*** Supplied material

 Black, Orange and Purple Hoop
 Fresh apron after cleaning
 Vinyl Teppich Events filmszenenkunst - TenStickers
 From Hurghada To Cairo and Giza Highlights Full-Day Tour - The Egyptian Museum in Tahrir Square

******

**Problem description**
Line by line, restate the data exactly.

**Answer to this exercise**
 Black, Orange and Purple Hoop
 Fresh apron after cleaning
 Vinyl Teppich Events filmszenenkunst - TenStickers
 From Hurghada To Cairo and Giza Highlights Full-Day Tour - The Egyptian Museum in Tahrir Square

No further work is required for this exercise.